My approach has been to build a linear regression model ($\hat{y}$) to predict the scalar value from the 1D feature. Say, $$ \hat{y}(w, x) = w_0 + w_1 x_1 + ... + w_p x_p $$ $w = (w_1,..., w_p)$ is the regression coefficients. Which we seek.
Then the regressor coefficients are computed by solving the minimization problem: $$ \min_{w} || X w - y||_2^2 + \alpha ||w||_2^2 $$
So far this is a classical regression problem, for which I can use any of the ML toolkits.
However, I have an additional requirement.
I need the model to be invariant to a flipped feature input. Here,
flipping is defined as flipping the order of feature components. i.e A feature $X$ = $(X_0\ldots X_n)\to(X_n\ldots X_0)$
Or formally we can define Flip as: $Flip((X_0\ldots X_n) )$ = $(X_n\ldots X_0)$
Hence, $$ \hat{y}(w, x) = \hat{y}(w, Flip(x)) $$
Any thoughts on what approach to take to incorparate such a constraint in the regression method.

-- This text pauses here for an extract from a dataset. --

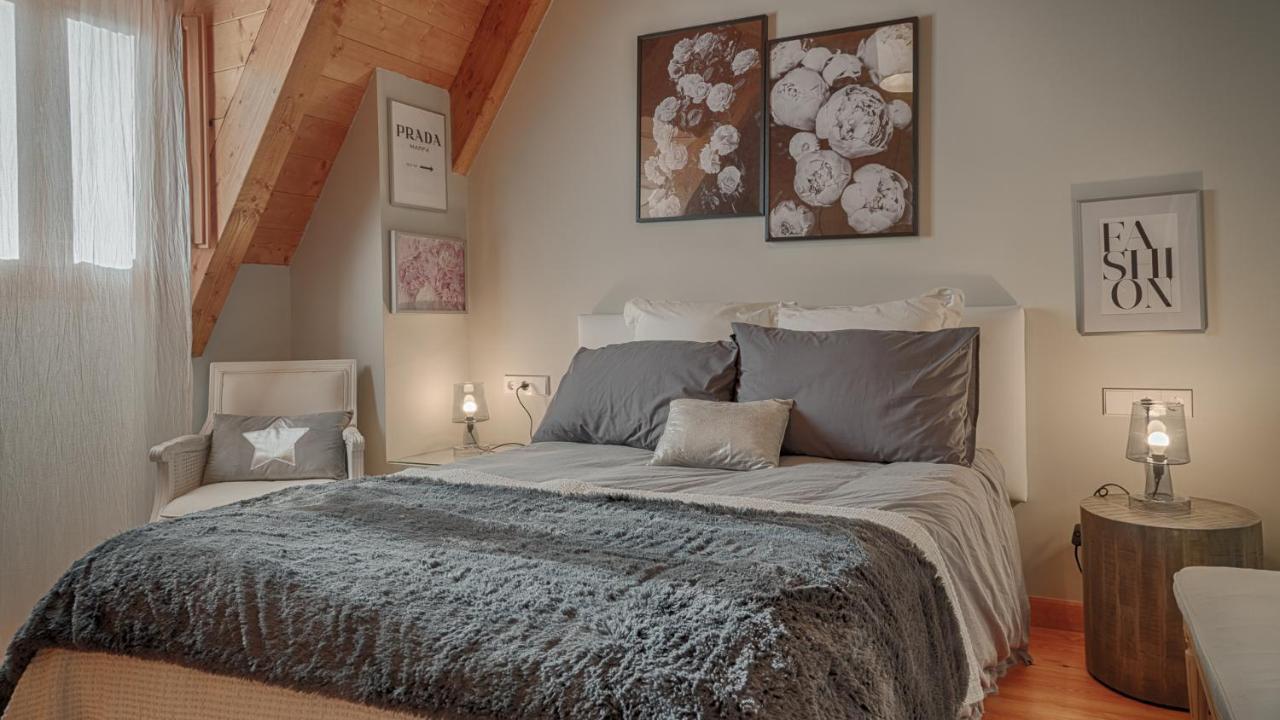 Chalet Saplan Real Estate Sarraera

P.S: Currently I am using a Lasso Regressor with a high penalty ($\alpha$). The reasoning being that the high alpha will lead to a regressor with coeffienients near zero. Such a regressor with be robust to flipped input
One very simple way to achieve this would be to put the condition into the parameters.

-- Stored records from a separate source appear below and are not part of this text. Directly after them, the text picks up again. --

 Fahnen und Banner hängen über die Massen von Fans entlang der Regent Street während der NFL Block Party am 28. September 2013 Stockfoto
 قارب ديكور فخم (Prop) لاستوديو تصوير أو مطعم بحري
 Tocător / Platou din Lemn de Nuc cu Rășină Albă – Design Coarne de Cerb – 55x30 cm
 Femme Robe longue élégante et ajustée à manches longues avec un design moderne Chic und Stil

Instead of $w=(w_1,\ldots,w_p)$, take $w=(w_1,w_2,\ldots, w_{p/2}, \ldots,w_2, w_1)$, i.e. a parameter vector that is invariant under the flip operation.

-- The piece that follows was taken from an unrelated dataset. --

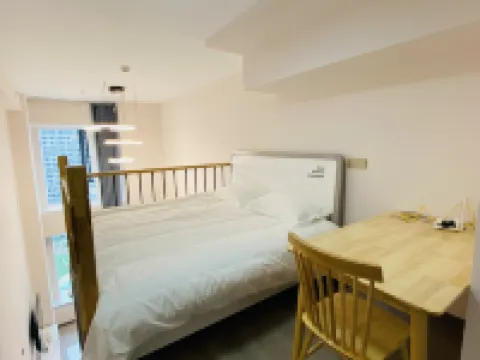 Yueju Shiguang Homestay (Xixian Dasha Subway Station)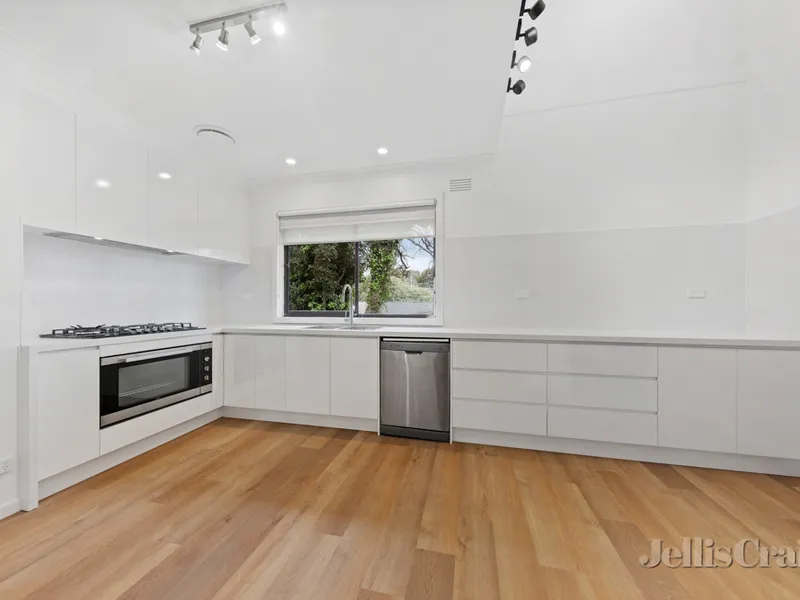 A Stylish Family Entertainer of eipc proportions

This works because $flip(x) = P\cdot x$ where $P=\begin{pmatrix}&& 1\\&\cdots&\\1&&\end{pmatrix}$ is the matrix with ones on the off diagonal. Clearly $P$ is symmetric, so $w^T flip(x) = w^T P x = (Pw)^T x = flip(w)^T x = w^T x$
PS: If you should ever need invariance under arbitrary permutations, check out Deep-Sets
EDIT: Implementation wise, I think the easiest way would be to simply put
$$ \hat y = X\beta, \quad \beta=\frac{1}{2}(w+Pw),\quad L = \|y-\hat y\|_2^2 + \alpha\|\beta\|_2^2 $$
Note that $flip(\beta) = \beta$ for any $w$ (since $P^2=I$). Let $\tilde X = \frac{1}{2}X\cdot(I+P)$ (So $X\beta = \tilde X w$), then
$$ \frac{\partial}{\partial w} L = -2\tilde X^T (y-\tilde X w) + 2\alpha(I+P) w $$
Furthermore:
$$ \frac{\partial}{\partial w} L = 0 \iff \big(\tilde X^T\tilde X + \alpha (I+P)\big)w = \tilde X^Ty \iff \hat w = \big(\tilde X^T\tilde X + \alpha (I+P)\big)^{-1}\tilde X^Ty $$